Pokaż fotki tego eksperymentu co na nim tysiąc przejechałeś. Najlepiej w galerii.
Hej
Korzystając z 'zaproszenia' przedstawiam swoją pierwszą, eksperymentalną konstrukcję roweru poziomego. Rower jest złożony z dwóch gotowych rowerów, komponenty też nie są za dobre, więc nie bardzo jest się czym chwalić. No może tym, że rower przejechał około 1kkm bez większych kłopotów w różnym terenie - po szutrach leśnych i piachu - choć po piachu szło jako tako tylko z górki, a po szutrach nie szalałem, bo bałem się o całość ramy.

 Inspiracja oczywiście pochodziła ze strony poziome.pl - sporo przeczytałem i pooglądałem innych projektów. Zdecydowałem się na SWB ze względu na zwrotność i większą prostotę konstrukcji niż LWB.
Założeniem konstrukcji było sprawdzenie jak się na takim rowerze jeździ oraz czy uda mi się go zrobić do końca. Jako że to miał być eksperyment, to trzecim założeniem była 'budżetowość' całej konstrukcji.
Rower powstał z 3 dawców - tylna i środkowa część to MTB Romet, przednia to składak, 3-ci dawca dostarczył mocowania suportu (zresztą widać po kolorach ramy ;) ). Rama spawana zwykłą elektrodą - wiem, że to nie jest polecane, ale tylko do takiego sprzętu miałem dostęp.
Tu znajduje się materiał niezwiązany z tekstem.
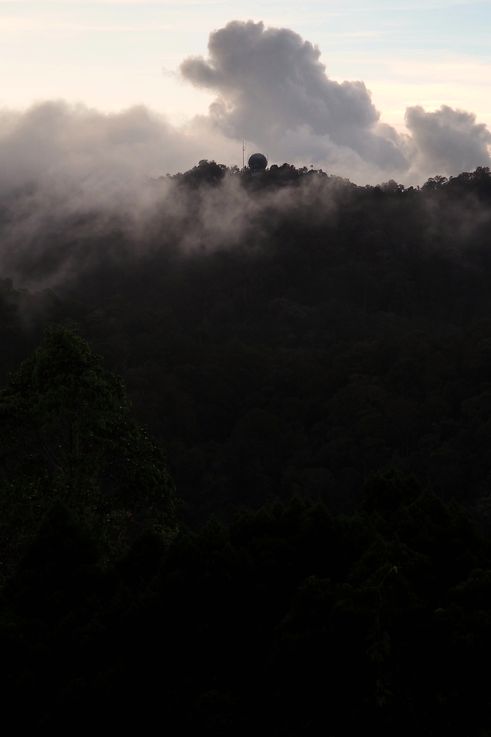 Radar station on Bukit Bendera in the fog.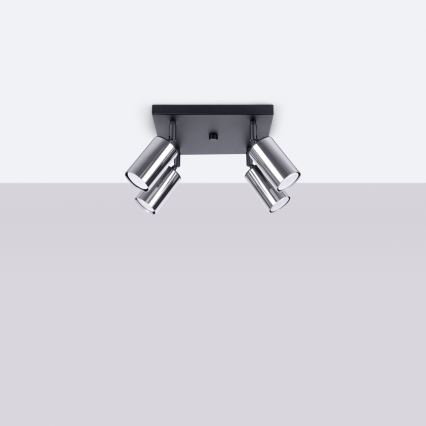 Спот WINX 4xGU10/10W/230V черен/лъскав хром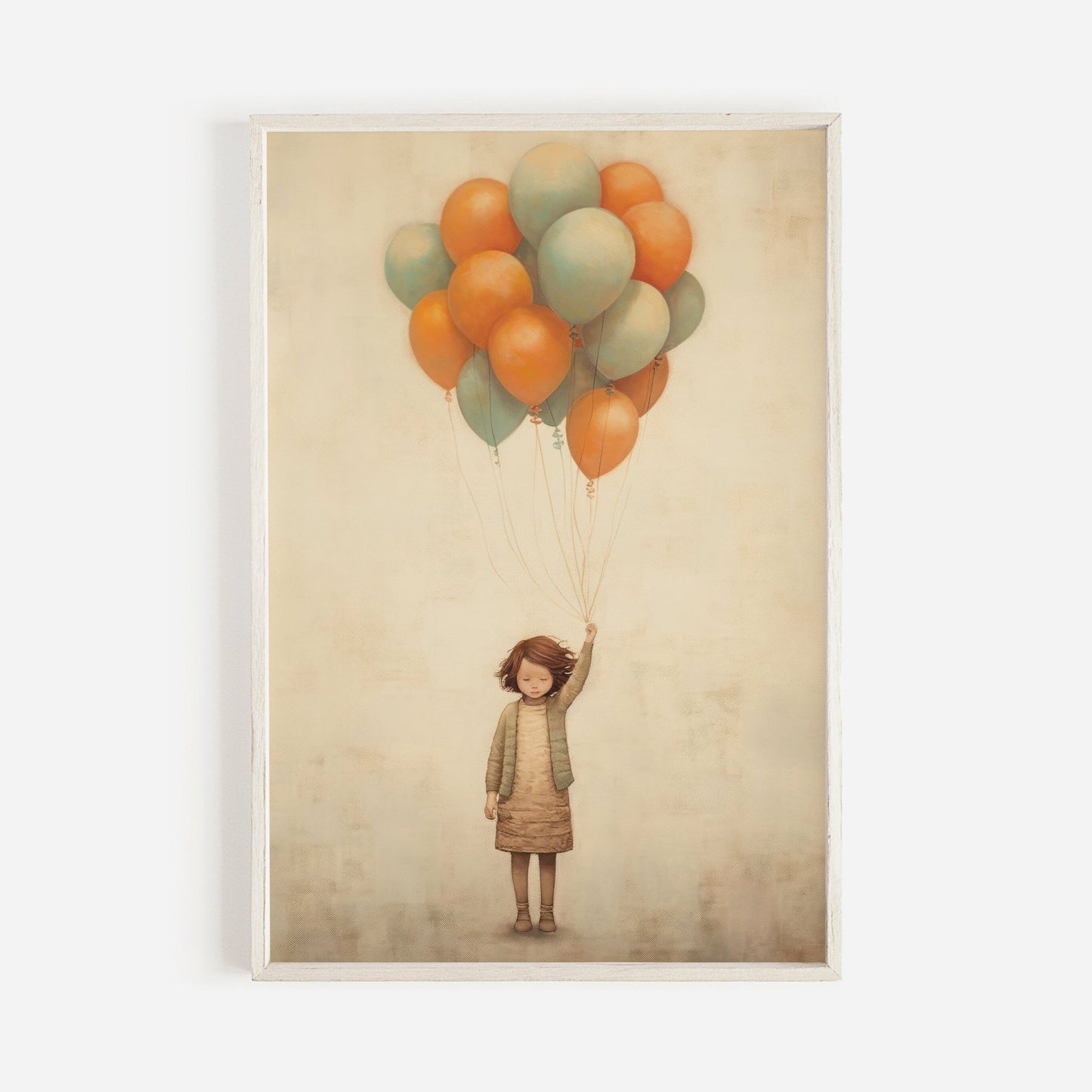 Vintage Minimalist Nursery Wall Art, Girl with Balloons, Kids Room Decor - WildfieldPrints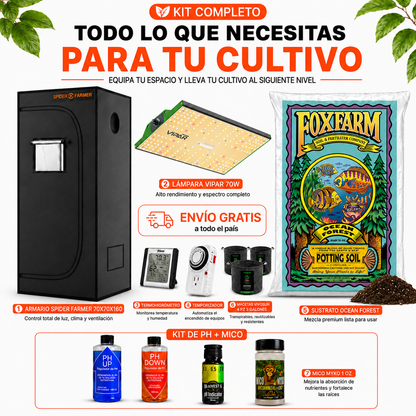 Kit de Cultivo Indoor Spider Farmer 70x70x160 + VIPAR 70W + Ocean Forest
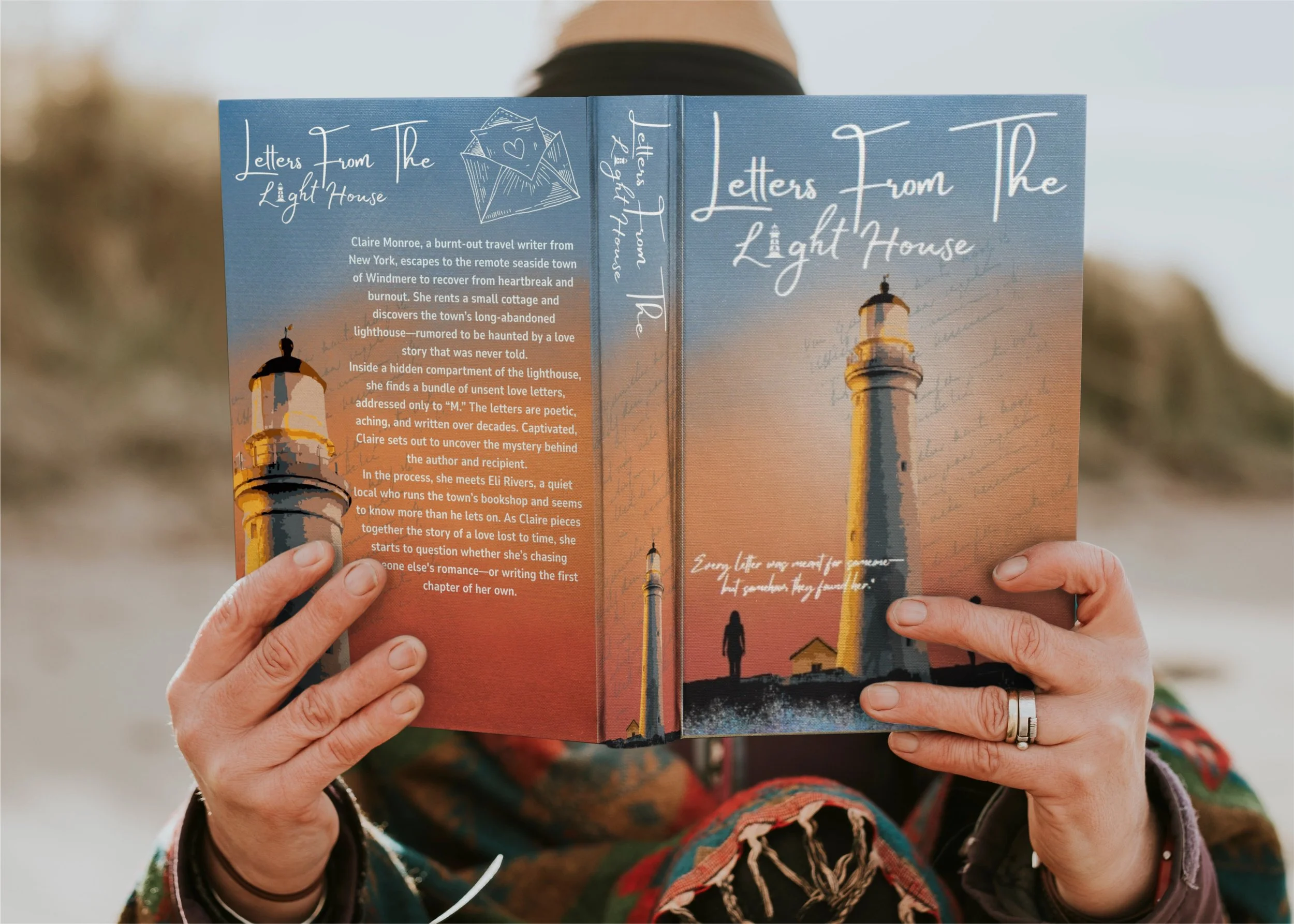 A person holding an open book titled "Letters From The Light House" featuring an illustration of a lighthouse at sunset on the cover and back.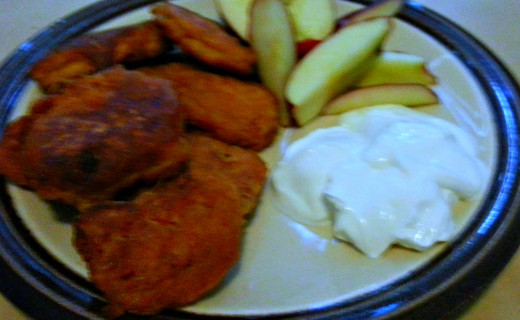 Sweet Potato Pancakes with sour cream and apples.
Na szczęście brat ma spore doświadczenie w spawaniu rurek cienkościennych i udało mu się to wszystko połączyć. Spawanie też było bez specjalnej ramy - elementy ramy zostały ustabilizowane za pomocą gwoździ wbitych w drewnianą belkę - więc pełna prowizorka. Na szczęście sprawdziło się powiedzenie, że prowizorki bywają trwałe ;).

http://www.wtc.wejher.pl/forum/download.php?id=66

Rower posiadał pneumatyczną amortyzację fotelika - na poszyciu z listewek rozpięte były dętki rowerowe.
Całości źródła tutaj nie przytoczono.